After playing six Twin Cities concerts over the course of two years behind their debut album, Imagine Dragons threatened to overstay their welcome even in one of their top markets.
Just the simple fact that the Las Vegas rockers had new songs to play at Xcel Energy Center on Tuesday night felt like an automatic win.
Touring behind their second album, "Smoke and Mirrors," the boyishly earnest Dragons also freshened things up with a new, hi-fi stage production featuring a lot of — you guessed it — smoke and mirror-like visual effects. They brought in an interesting opening act, too: Metric, the Canadian indie-rock band that headlined Rock the Garden 2013 but had yet to be tested in front of a mainstream rock crowd like the Dragons'.
There are certainly a lot of gaga Imagine Dragons fans in the Twin Cities. Tuesday's crowd of nearly 13,000 fans — a few thousand more than at prior stops on the tour, with a lot of teens and families — seemed enraptured the moment frontman Dan Reynolds raised his hands in hello during the opening tune, "Shots," one of the best and liveliest of the new tunes.
Reynolds' hands were over his head in Bono-like fashion pretty much throughout the show, except when it came time to bang the big drums that have become one of the band's signature gimmicks.

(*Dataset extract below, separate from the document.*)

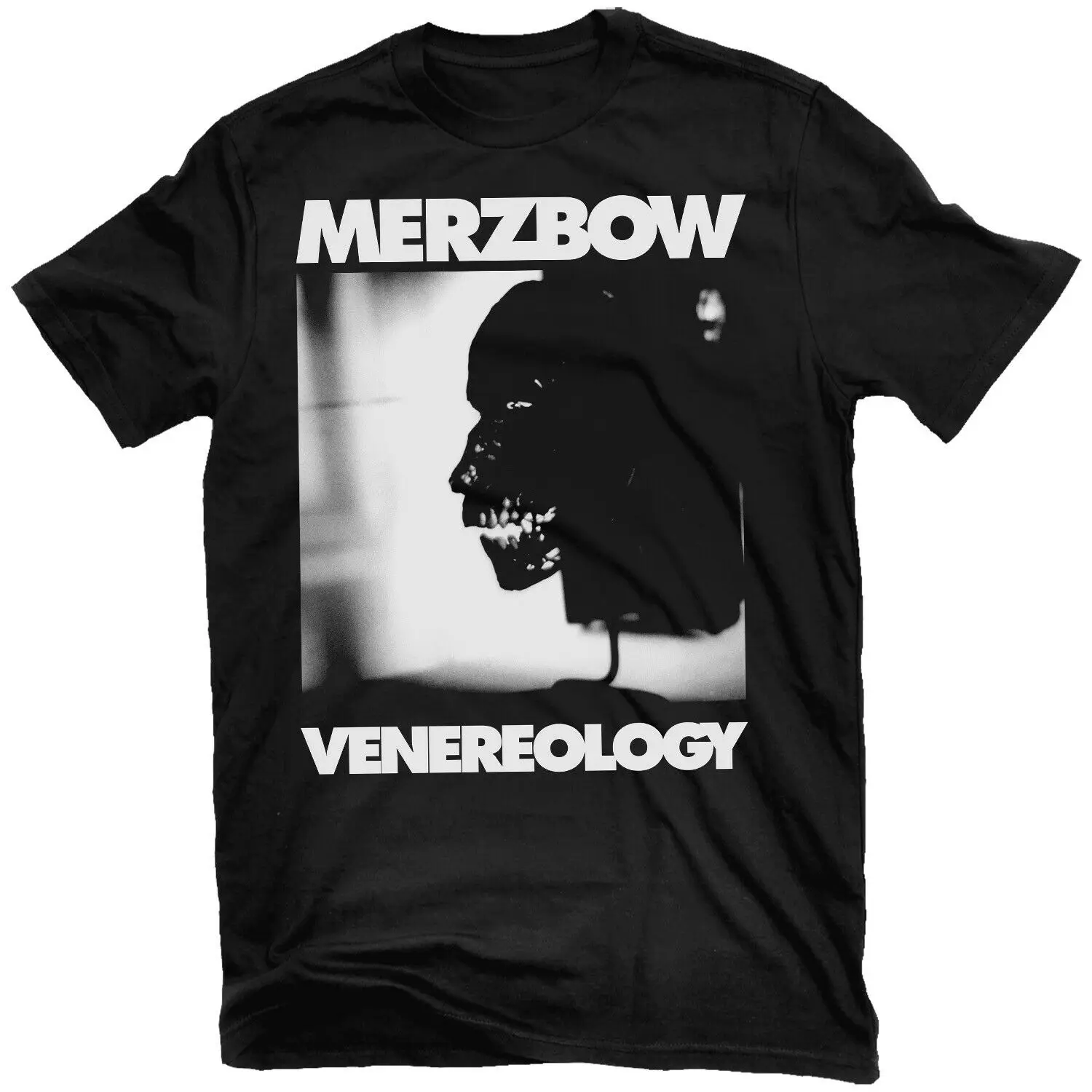 MERZBOW венерологии футболка новая рецидив записей TS4571|Мужские футболки| |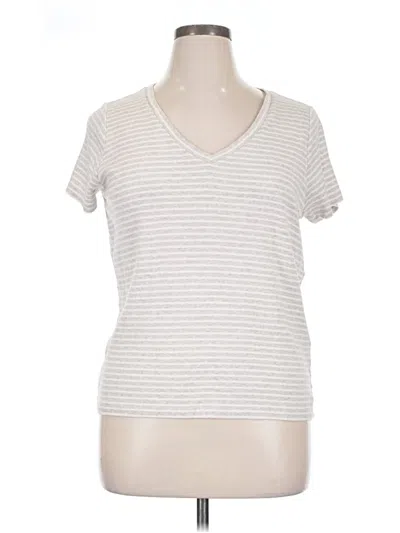 Pre-owned Vineyard Vines Short Sleeve T-shirt In Brown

The guy is a shameless showman disguised as an affable everyman. He hit the small thrust stage toward the center of the arena to lead a singalong right away in the second tune, "Trouble" — another new one, as repetitive as Sesame Street's "Elmo Song."
He stayed on the small stage to sing Alphaville's "Forever Young" before a sea of lighted cellphones. The 1984 soft-rock hit's hopelessly mushy vibe was carried over into the title track of "Smoke and Mirrors" and another new one, "Summer," for which Reynolds gave the simpleton introduction, "It seems appropriate to play it since it's the start of summer."
In the end, the best moments in Tuesday's 105-minute concert were nothing fans hadn't seen before, including the explosive one-word chorus shout-along in "Radioactive" and the tribal drum workout in "Demons." The new hit, "I Bet My Life," was another rousing highlight, but it came off a lot like a second version of "Radioactive." The one heard ceaselessly over the past two years was enough.